* [GOAL OF THE EXERCISE]
Begin with the line that holds "Telescopic Rod/Handle Vespero" and repeat each line after it exactly, ending with the last line of the listing.

* [EXERCISE MATERIALS]
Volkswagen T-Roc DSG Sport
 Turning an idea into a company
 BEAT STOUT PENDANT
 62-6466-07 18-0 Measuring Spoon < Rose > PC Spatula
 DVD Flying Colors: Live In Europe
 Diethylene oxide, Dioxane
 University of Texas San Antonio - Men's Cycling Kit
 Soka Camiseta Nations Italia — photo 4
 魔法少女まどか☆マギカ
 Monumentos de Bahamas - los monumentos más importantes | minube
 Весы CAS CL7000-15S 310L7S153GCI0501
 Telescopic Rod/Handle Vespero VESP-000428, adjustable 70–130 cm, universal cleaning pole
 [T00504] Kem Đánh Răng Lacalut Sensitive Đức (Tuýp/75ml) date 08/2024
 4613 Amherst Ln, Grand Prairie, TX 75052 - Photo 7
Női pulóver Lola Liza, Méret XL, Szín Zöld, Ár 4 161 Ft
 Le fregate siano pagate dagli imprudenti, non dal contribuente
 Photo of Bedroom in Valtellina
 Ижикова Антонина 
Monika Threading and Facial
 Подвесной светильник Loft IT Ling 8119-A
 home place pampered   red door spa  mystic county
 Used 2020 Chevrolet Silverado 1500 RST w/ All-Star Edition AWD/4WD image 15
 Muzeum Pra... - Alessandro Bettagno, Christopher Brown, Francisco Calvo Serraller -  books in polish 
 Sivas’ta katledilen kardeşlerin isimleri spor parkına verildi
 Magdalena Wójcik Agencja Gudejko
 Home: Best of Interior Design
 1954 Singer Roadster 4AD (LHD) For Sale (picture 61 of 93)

* [WORKED SOLUTION]
 Telescopic Rod/Handle Vespero VESP-000428, adjustable 70–130 cm, universal cleaning pole
 [T00504] Kem Đánh Răng Lacalut Sensitive Đức (Tuýp/75ml) date 08/2024
 4613 Amherst Ln, Grand Prairie, TX 75052 - Photo 7
Női pulóver Lola Liza, Méret XL, Szín Zöld, Ár 4 161 Ft
 Le fregate siano pagate dagli imprudenti, non dal contribuente
 Photo of Bedroom in Valtellina
 Ижикова Антонина 
Monika Threading and Facial
 Подвесной светильник Loft IT Ling 8119-A
 home place pampered   red door spa  mystic county
 Used 2020 Chevrolet Silverado 1500 RST w/ All-Star Edition AWD/4WD image 15
 Muzeum Pra... - Alessandro Bettagno, Christopher Brown, Francisco Calvo Serraller -  books in polish 
 Sivas’ta katledilen kardeşlerin isimleri spor parkına verildi
 Magdalena Wójcik Agencja Gudejko
 Home: Best of Interior Design
 1954 Singer Roadster 4AD (LHD) For Sale (picture 61 of 93)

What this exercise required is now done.